In Australia, government workers can now be fired for tweeting

If you’re an Australian and you happen to be thinking of applying for a government job, here’s a hot tip for you. Delete your Twitter and Facebook accounts immediately. Otherwise, you might fall victim to the temptation to tweet and that can get you fired according to that nation’s highest court. That’s what happened to a woman named Michaela Banerji.

So what was she tweeting that was so horrible? Child pornography? Threats of violence? Hate speech? Nope. She was expressing opinions about government immigration policy on an anonymous account. She was fired for that and the Australian Supreme Court has upheld the decision to terminate her. (The Guardian)

The high court has unanimously upheld a decision to sack public servant Michaela Banerji for anonymous social media posts that criticised the government’s immigration policy.

The court delivered its judgment in the landmark freedom of speech test case on Wednesday, upholding an appeal from the workers’ compensation agency Comcare which argued it was reasonable for the immigration department to sack Banerji.
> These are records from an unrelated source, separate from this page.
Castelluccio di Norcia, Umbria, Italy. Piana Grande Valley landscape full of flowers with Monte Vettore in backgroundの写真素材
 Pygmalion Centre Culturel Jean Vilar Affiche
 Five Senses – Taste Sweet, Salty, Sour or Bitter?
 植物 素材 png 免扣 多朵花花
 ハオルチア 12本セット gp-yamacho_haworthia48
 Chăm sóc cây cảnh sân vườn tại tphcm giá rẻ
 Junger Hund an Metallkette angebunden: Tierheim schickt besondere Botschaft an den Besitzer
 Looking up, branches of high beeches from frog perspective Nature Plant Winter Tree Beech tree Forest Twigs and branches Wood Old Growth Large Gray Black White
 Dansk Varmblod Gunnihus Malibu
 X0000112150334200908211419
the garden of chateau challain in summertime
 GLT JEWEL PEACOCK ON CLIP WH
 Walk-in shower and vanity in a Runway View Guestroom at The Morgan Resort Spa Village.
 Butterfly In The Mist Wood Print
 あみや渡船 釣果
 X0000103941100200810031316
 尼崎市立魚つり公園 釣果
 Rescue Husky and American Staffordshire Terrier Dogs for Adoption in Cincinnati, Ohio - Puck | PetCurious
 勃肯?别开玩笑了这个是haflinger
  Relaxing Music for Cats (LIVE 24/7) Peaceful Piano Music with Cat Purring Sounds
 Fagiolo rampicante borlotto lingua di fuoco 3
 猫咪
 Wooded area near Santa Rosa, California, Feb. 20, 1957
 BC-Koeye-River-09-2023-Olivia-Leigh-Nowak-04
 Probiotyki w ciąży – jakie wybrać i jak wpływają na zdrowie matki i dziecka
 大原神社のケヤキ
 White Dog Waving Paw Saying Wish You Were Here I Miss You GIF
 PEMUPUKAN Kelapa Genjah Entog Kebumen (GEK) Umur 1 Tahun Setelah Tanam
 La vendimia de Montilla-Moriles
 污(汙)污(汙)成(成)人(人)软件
The case has implications for two million federal, state and local public servants, as the court declined to use the constitutional implied freedom of communication to rule the sacking was unreasonable.

So Banerji was tweeting about government policy under a pseudonym, but someone unmasked her and it was brought to the attention of her superiors. There’s a rule for government workers which says that “public servants must be apolitical at all times” and she was sacked under that rule.

Banerji appealed her dismissal and initially won a worker’s compensation case when the administrative appeals tribunal found her firing to be unreasonable under the “implied freedom of communication” in the Australian constitution. But the Supreme Court obviously disagreed and overturned that finding.

The problem for Banerji and other public servants is that there is no specific freedom of speech in their constitution. The closest they come is the “implied freedom of communication” I mentioned above. (You can read an explanation of how that’s derived at the Australian Parliament’s website.) But since that right is only “implied,” it’s not a secure thing and the court has just demonstrated how tenuous that freedom actually is.

This should serve as a cautionary tale for all of you Americans. Be grateful that you have the First Amendment and guard those freedoms with all your might. Not everyone has them, and without such protections, the government can do pretty much anything it wants to you.